В центре послания, естественно, находится Франция — страна, культура которой первенствовала тогда в Европе, к которой, особенно начиная с елизаветинского времени, тянулись различные слои русского общества и которой, главное, было предназначено в конце века совершить общественно-политический переворот всемирно-исторического значения. Уже в «Арапе» Пушкин, рисуя Францию первых десятилетий XVIII века, времен регентства, «легкомыслие, безумство и роскошь» ее правящего класса, дал ощутить, что в ней зреют семена неизбежного «распадения» существовавшего строя. В 70-е годы, когда туда попал Юсупов, этот процесс продолжался с нарастающей силой. И вот, подобно тому как в «Арапе» показаны две России — Россия молодая, утверждающаяся новая Российская империя и старая, обреченная боярская Русь, в послании поэт живописует две противостоящие друг другу Франции: Францию королевского двора — Версаля и Трианона — ветрености, ликующего веселья, роскоши (в одном из первоначальных вариантов — «безумной роскоши», то есть совсем как в «Арапе») — и Францию Фернея, резиденции Вольтера, уже признанного «вождя философии», «дум новых сеятеля» (тоже в первоначальных вариантах послания; в «Арапе» фигурировал еще молодой Вольтер), Францию Просвещения, энциклопедистов:
Стоит отметить, что сперва поэт хотел было и прямо возобновить сделанное им в «Арапе» противопоставление, с одной стороны, распадающейся королевской Франции, с другой — строящейся петровской России, дать следом за образом беспечно резвящейся среди своего ветреного, «пышного, слепого и дерзновенного» (первоначальный вариант) двора «Армиды молодой» — французской королевы Марии-Антуанетты — контрастный ей образ «вечного работника» Петра. После строки: «Резвилась, ветреным двором окружена» — он было написал: «Ты знал сей пышный двор, и вдруг, пленясь Наукой, || Помчался ты туда, где наш Гигант сторукой, || Наш Петр, оставя трон, поденный брал топор…», то есть «помчался» в Голландию.

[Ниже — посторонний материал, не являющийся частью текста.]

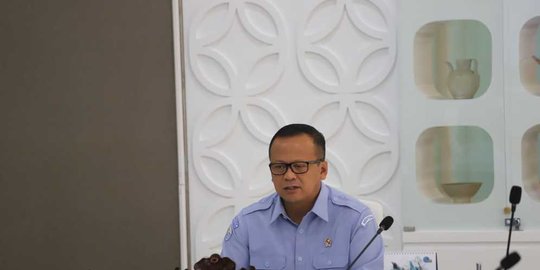 menteri edhy di bandara soekarno hatta rev1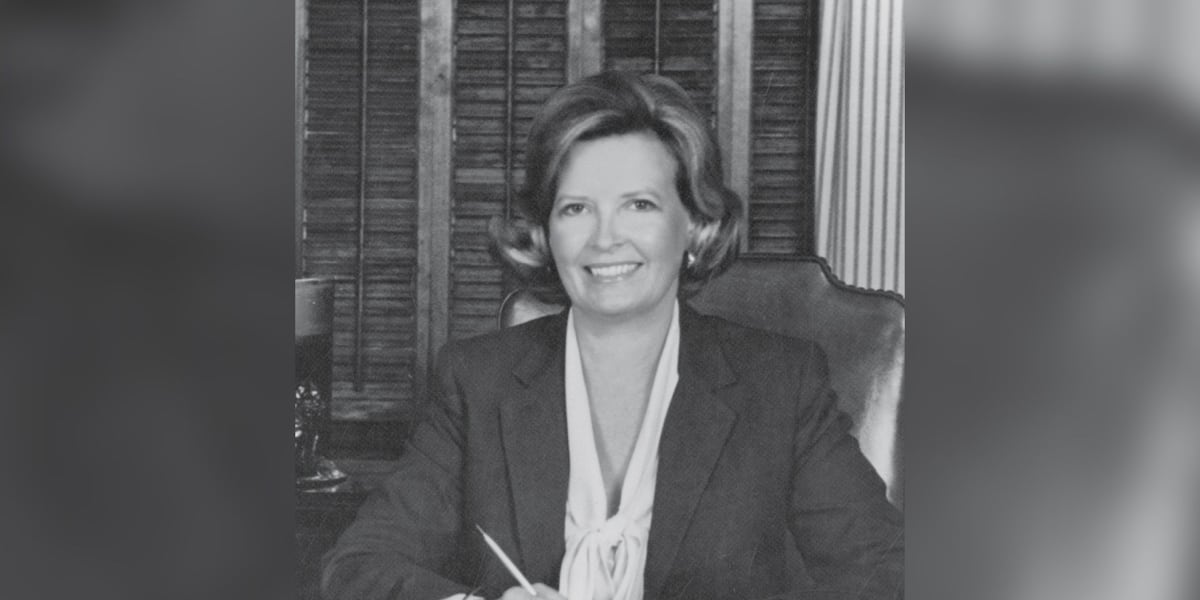 Former Ky. Governor Martha Layne Collins dies at 88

Однако такое сопоставление было бы явным анахронизмом, да и образ екатерининского вельможи мало вязался с духом Петровской эпохи. Строки эти были откинуты. Но самый прием исторического контраста в качестве основного, наиболее эффективного художественно-выразительного средства систематически использовался поэтом на протяжении всего послания. На остром контрасте по отношению к строкам о Трианоне и его «шумных забавах», овеянных пасторальной атмосферой картин французского придворного живописца того времени Буше (некоторые полотна его имелись в Архангельском), построены следующие вскоре за ними строки об английском буржуазно-политическом строе: «Но Лондон звал твое внимание. Твой взор || Прилежно разобрал сей двойственный собор: || Здесь натиск пламенный, а там отпор суровый, || Пружины смелые гражданственности новой».
Строки эти словно бы исполнены суровым и пламенным пафосом Джона Мильтона — писателя, проникнутого духом английской революции XVII века и, следом за Радищевым, столь ценимого Пушкиным (особенно это чувствуется в первоначальных вариантах: «Здесь пламенный народ — там барства хлад суровый»). В свою очередь, столь же контрастен этим строкам образ ленивой, сладострастной и набожной Испании, в которую, «скучая, может быть, над Темзою скупой» и пленившись рассказами Бомарше об отечестве Дон Жуана, «полетел» русский Дон Жуан — Юсупов.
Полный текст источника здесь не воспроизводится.